It’s been the consensus of many that brick-and-mortar stores are in danger. Look around and you’ll find your local malls slowly becoming ghost towns and the big box stores employing personal shopping and delivery services to make things as easy as possible for customers to prevent the exodus to online stores.
The stores in indoor and outdoor malls are now trying to fight back as well. They’re employing IoT to also make things easier on their customers, but is it too little and too late for that effort?
IoT in Stores
There is no reason to hop in your car and drive to the mall to go clothes shopping, to buy a new computer, to buy products for your home, etc. You can do all that from the comfort of your own home. But this is causing some brick-and-mortar stores to close. Others are doing what they can to keep their customers.
Perhaps one of the more interesting innovations being incorporated is the interactive mirrors in the fitting rooms at Rebecca Minkoff apparel stores. Customers have online profiles, and if they tap the interactive mirror, they can check how a shirt may match up with a pair of pants or perhaps a pair of shoes. Their choices are then saved to their online profile.

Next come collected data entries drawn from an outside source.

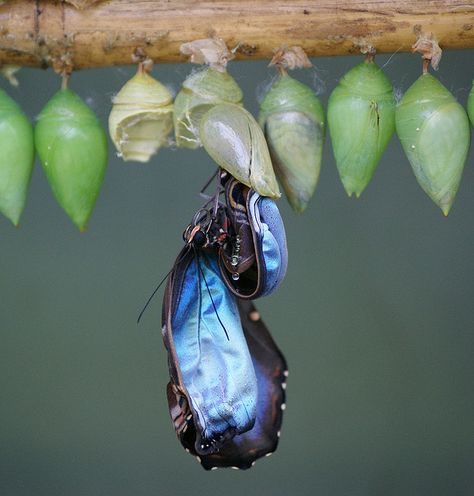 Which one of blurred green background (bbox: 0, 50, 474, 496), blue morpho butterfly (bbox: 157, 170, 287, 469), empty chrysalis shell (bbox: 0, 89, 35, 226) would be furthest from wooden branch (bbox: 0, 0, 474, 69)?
blurred green background (bbox: 0, 50, 474, 496)

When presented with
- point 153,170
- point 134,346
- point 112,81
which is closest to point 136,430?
point 134,346

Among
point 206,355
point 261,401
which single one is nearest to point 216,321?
point 206,355

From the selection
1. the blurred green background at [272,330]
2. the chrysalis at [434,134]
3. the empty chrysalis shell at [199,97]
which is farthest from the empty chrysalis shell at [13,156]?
the blurred green background at [272,330]

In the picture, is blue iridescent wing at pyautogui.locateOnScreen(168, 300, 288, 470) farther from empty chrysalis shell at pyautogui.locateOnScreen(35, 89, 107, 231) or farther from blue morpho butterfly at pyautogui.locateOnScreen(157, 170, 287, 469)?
empty chrysalis shell at pyautogui.locateOnScreen(35, 89, 107, 231)

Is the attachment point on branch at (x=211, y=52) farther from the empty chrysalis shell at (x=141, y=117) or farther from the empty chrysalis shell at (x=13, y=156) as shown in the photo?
the empty chrysalis shell at (x=13, y=156)

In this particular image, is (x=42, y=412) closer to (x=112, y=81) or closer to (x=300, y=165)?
(x=112, y=81)

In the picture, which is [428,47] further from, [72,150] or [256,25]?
[72,150] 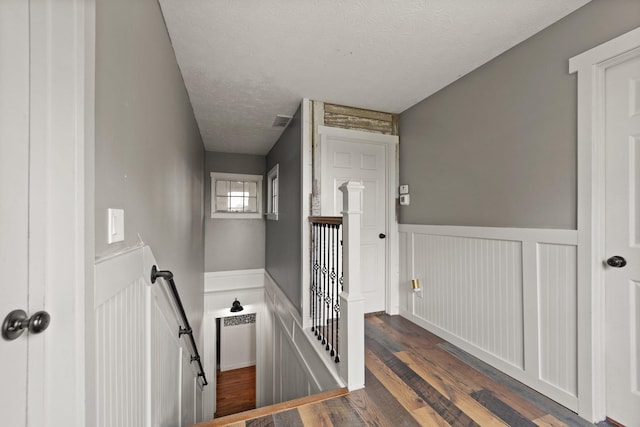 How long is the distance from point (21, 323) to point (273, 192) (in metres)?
4.11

Facial-recognition technology is considered for use as a way to flag potential shoplifters who have entered the store and to allow frequent customers to move through the checkout process more quickly. Walmart, Target, and Lowes have all tested facial-recognition systems, but so far none of them are using such a technology.

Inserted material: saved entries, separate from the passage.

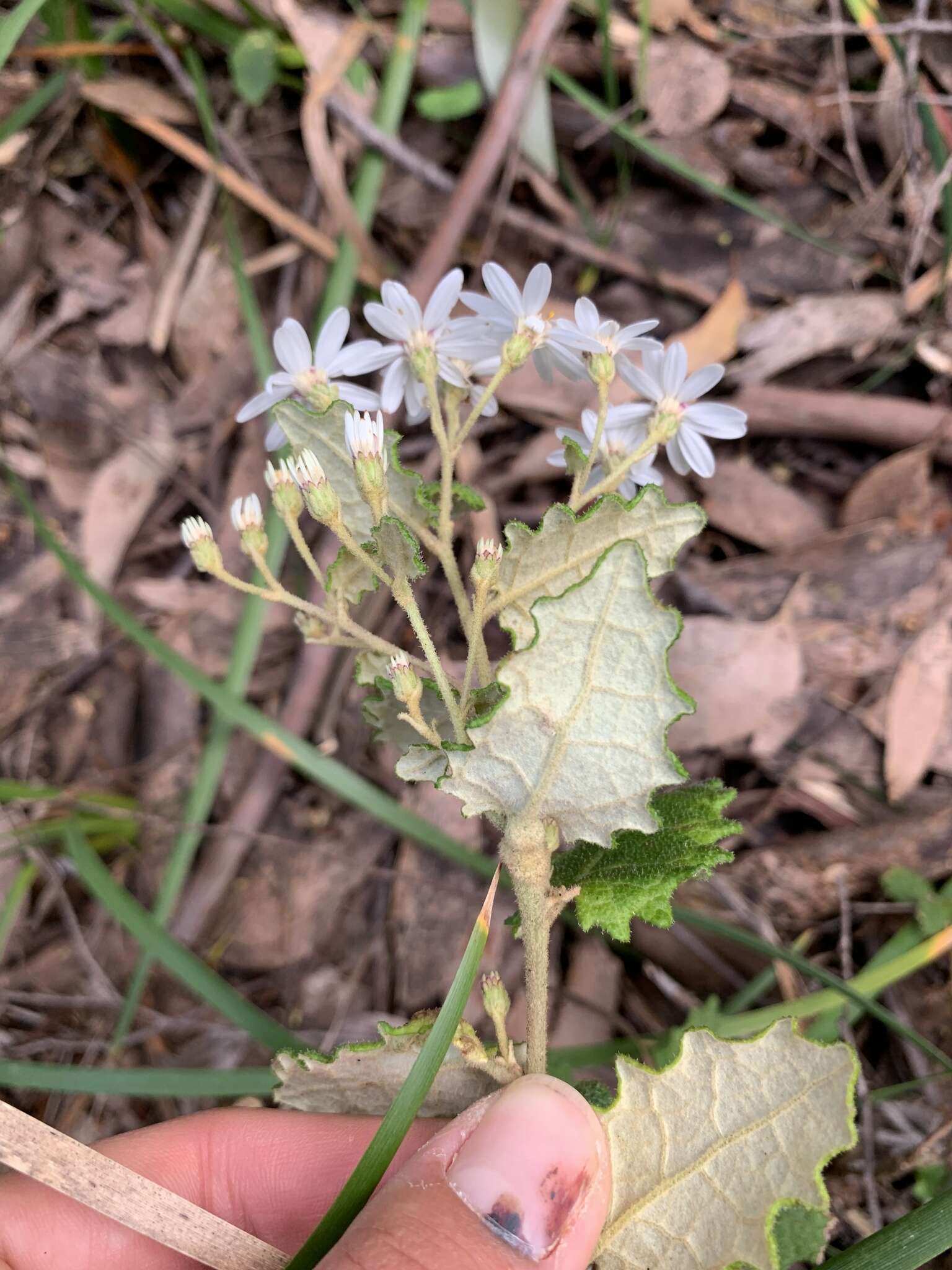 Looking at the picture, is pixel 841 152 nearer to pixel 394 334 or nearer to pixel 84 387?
pixel 394 334

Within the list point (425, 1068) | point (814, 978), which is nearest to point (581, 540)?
point (425, 1068)

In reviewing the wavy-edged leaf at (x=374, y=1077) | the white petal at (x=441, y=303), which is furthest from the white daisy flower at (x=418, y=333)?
the wavy-edged leaf at (x=374, y=1077)

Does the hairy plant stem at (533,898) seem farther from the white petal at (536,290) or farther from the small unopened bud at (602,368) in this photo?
the white petal at (536,290)

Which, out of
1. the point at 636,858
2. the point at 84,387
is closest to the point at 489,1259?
the point at 636,858

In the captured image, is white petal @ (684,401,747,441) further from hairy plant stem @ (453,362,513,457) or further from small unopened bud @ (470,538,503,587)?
small unopened bud @ (470,538,503,587)

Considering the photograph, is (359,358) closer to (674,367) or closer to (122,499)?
(674,367)

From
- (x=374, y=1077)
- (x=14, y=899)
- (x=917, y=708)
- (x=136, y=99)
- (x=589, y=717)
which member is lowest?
(x=14, y=899)

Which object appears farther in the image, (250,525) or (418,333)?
(418,333)

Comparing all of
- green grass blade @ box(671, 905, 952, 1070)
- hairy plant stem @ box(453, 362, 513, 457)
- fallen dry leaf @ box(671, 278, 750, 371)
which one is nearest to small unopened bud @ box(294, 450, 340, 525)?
hairy plant stem @ box(453, 362, 513, 457) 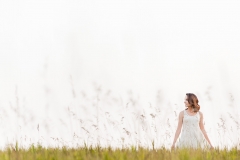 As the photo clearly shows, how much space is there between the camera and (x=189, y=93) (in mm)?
9242

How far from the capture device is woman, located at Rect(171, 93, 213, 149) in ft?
29.9

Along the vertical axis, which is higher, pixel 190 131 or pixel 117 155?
pixel 190 131

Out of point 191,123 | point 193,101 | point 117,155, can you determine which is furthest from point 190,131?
point 117,155

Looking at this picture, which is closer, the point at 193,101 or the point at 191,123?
the point at 193,101

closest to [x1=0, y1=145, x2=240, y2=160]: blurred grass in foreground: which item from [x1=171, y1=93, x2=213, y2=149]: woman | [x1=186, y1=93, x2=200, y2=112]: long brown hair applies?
[x1=171, y1=93, x2=213, y2=149]: woman

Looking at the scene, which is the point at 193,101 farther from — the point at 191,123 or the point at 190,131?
the point at 190,131

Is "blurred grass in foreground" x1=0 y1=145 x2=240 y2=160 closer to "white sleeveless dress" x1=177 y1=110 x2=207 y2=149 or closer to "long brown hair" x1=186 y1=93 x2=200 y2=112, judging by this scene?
"white sleeveless dress" x1=177 y1=110 x2=207 y2=149

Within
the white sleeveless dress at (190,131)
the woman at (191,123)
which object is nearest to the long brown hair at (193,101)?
the woman at (191,123)

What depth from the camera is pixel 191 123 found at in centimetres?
950

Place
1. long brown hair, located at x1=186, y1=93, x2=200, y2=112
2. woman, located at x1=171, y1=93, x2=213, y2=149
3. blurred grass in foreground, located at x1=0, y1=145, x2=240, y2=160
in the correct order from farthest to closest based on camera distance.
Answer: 1. long brown hair, located at x1=186, y1=93, x2=200, y2=112
2. woman, located at x1=171, y1=93, x2=213, y2=149
3. blurred grass in foreground, located at x1=0, y1=145, x2=240, y2=160

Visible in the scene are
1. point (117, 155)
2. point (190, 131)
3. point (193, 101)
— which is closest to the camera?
point (117, 155)

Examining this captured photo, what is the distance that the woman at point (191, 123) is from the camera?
29.9 feet

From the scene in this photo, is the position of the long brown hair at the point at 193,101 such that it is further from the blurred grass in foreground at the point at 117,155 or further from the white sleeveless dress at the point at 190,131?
the blurred grass in foreground at the point at 117,155

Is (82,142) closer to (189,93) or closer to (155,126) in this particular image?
(155,126) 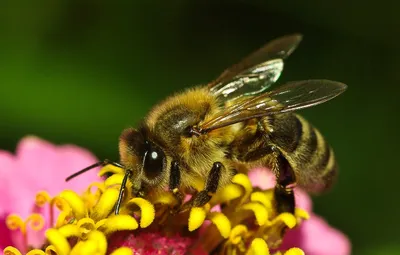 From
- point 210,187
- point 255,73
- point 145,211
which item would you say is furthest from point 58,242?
point 255,73

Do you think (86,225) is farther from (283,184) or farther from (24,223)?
(283,184)

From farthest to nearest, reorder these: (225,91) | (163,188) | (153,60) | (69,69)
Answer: (153,60), (69,69), (225,91), (163,188)

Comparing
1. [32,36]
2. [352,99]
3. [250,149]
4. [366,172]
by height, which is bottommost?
[366,172]

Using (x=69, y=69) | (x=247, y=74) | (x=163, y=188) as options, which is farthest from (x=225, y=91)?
(x=69, y=69)

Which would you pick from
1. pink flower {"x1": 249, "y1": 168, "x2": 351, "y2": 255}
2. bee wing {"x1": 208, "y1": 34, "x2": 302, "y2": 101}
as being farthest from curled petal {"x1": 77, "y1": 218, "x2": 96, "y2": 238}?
pink flower {"x1": 249, "y1": 168, "x2": 351, "y2": 255}

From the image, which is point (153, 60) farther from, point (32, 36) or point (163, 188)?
point (163, 188)

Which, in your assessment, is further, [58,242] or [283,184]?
[283,184]

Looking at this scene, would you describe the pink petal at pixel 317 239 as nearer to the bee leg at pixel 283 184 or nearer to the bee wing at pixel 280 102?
the bee leg at pixel 283 184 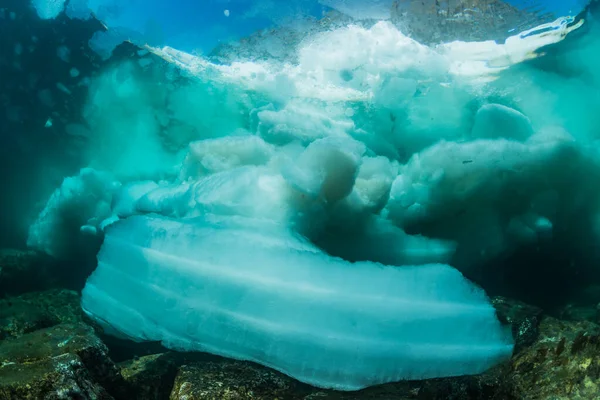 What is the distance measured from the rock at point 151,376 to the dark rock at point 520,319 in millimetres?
4082

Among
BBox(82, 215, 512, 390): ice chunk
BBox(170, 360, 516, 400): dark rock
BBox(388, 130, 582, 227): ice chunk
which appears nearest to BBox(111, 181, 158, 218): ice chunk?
BBox(82, 215, 512, 390): ice chunk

While perhaps not an IoT method, The Sephora cosmetics store chain uses Bluetooth to detect when a shopper carrying a smartphone enters the store. They ping the customers with promotions to get them to buy more while also tracking where the customers stop inside the store. However, there have been problems with this type of system, such as only pinging customers with the store app open on their device.
The use of such things concern privacy advocates who have concerns stores could use the tracking systems to abuse the customers.
“Technology is rapidly erasing any differences between how precisely people can be tracked online and in physical space,” said an American Civil Liberties Union senior policy analyst, Jay Stanley. “So we’re going to need all the same protections offline that we do online.”
Online merchants believe the brick-and-mortar stores should be subject to the same potential privacy legislation that they are. However, the more traditional merchants worry their methods would get flagged under privacy laws and that it could affect the data collection of their longstanding loyalty programs.
If such legislation is launched, it will have to satisfy both sides. It shouldn’t alienate the online merchants unfairly just because they are online but also shouldn’t interrupt the business that the brick-and-mortar stores are desperately trying to hold onto.
The Pickle Traditional Stores Are In
This has put brick-and-mortar stores in quite a pickle. There is no way they can survive if they don’t try to implement at least some IoT or other digital means to hold on to their customers. It’s spinning out of control very quickly, and traditional stores are right to not stick their heads in the sand and to try to work with the technology instead of against it.